The latest breakthrough in biomarker discovery is the proximity extension assay (PEA) technology developed by Olink (Sweden). This antibody-based technology allows for relative quantification of 1165 human protein biomarkers in plasma and other biological samples. Helmholtz Center Munich hosts the first platform certified for Olink technology in Germany. Upon integration of this platform in our proteomics facility, we aim to correlate PEA-based profiling with mass spectrometry-based measurements (MS) in human plasma.
We used 370 plasma samples from the Cooperative Health Research in the Region of Augsburg (KORA) study, a population-based longitudinal study. These samples are analyzed by PEA (10 different Olink panels), data-independent acquisition (DIA)-MS, targeted SRM-MS, and SOMAscanAssay V3.2 (SomaLogic).

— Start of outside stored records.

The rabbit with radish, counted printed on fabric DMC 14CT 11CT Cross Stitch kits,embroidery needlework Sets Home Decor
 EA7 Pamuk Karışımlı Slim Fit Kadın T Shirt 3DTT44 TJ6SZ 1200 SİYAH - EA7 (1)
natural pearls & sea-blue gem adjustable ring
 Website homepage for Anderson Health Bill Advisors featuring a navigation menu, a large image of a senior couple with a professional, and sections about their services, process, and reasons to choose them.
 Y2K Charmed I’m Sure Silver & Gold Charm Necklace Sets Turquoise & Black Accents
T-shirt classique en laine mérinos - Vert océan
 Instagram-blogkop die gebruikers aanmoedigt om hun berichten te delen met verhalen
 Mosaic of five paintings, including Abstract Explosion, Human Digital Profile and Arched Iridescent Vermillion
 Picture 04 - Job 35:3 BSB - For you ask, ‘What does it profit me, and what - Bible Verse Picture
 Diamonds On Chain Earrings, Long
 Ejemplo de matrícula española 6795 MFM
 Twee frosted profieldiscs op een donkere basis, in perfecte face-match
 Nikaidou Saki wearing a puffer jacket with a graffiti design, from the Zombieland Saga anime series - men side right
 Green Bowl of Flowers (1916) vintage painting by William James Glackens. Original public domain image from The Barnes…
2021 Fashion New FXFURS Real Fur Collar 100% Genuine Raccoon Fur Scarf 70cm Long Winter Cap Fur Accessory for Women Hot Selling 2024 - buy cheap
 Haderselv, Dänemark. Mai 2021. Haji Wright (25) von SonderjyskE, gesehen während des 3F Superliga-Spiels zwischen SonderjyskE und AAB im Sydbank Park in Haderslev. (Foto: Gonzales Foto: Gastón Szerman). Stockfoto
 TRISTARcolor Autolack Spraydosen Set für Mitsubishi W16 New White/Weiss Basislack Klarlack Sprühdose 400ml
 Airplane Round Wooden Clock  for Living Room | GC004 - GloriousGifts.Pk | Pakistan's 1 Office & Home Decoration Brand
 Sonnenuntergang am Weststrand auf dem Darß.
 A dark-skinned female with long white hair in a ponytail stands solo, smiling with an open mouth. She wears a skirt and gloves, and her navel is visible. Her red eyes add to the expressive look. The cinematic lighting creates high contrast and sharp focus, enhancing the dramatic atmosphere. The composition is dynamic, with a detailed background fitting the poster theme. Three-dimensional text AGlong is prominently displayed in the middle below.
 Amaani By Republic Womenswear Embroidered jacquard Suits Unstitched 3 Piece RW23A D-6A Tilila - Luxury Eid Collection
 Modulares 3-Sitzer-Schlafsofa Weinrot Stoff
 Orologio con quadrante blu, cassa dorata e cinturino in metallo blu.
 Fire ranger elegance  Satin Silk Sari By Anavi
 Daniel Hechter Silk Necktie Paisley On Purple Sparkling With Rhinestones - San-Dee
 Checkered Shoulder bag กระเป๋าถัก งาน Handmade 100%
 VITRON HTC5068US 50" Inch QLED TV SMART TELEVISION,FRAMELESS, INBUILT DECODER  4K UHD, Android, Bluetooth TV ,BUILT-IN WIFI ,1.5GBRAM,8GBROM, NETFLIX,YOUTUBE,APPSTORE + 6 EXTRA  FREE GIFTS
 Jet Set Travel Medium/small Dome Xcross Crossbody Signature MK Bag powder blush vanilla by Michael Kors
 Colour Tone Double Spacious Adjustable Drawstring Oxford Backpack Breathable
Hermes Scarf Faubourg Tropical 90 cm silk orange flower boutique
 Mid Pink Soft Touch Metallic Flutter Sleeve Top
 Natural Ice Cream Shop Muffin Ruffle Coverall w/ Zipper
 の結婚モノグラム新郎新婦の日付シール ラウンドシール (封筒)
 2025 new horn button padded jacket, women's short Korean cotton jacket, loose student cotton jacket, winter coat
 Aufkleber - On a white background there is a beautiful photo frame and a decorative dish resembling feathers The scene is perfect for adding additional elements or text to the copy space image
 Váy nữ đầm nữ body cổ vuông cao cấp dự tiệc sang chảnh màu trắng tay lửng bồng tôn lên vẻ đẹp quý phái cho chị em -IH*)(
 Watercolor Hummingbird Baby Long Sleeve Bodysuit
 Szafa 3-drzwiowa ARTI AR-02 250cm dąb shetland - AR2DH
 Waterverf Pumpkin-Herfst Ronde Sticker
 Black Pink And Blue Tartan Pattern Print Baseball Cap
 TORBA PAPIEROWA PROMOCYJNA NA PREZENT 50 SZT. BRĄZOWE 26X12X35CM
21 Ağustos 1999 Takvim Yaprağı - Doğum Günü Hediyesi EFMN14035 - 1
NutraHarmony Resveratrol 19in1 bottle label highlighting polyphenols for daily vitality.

We have accumulated a DIA-MS dataset from 370 non-depleted human plasma samples quantified by matching to a comprehensive in-house spectral library covering 1924 proteins (based on 16 918 peptides). When comparing the proteins quantified by DIA-MS (direct identification above threshold in >75% of samples, 1% protein FDR filtered) to the complete set of markers measured by PEA (valid data in >95% of samples), we observe an overlap of 30 proteins. As expected, the overlapping proteins are mainly contained in Olink panels enriched for high abundant proteins. We find convincing correlations between PEA and DIA-MS in the overlapping proteins. Further, correlation to overlapping SRM-MS measurements are excellent, exemplified by MBL2, which correlates at 0.87 and 0.82 (Spearman) when comparing PEA to DIA-MS and SRM-MS, respectively. Additional correlations between technologies, including SomaLogic will be presented. Further, correlations between genetics and protein abundances (pWAS) measured by the different technologies will be discussed.
PEA provides a highly complementary technology to mass spectrometry-based proteomics, overcoming the notorious challenge of low identification and quantification rates in plasma samples. The high correlation of proteins detected by both technologies mutually confirms the methods for biomarker discovery.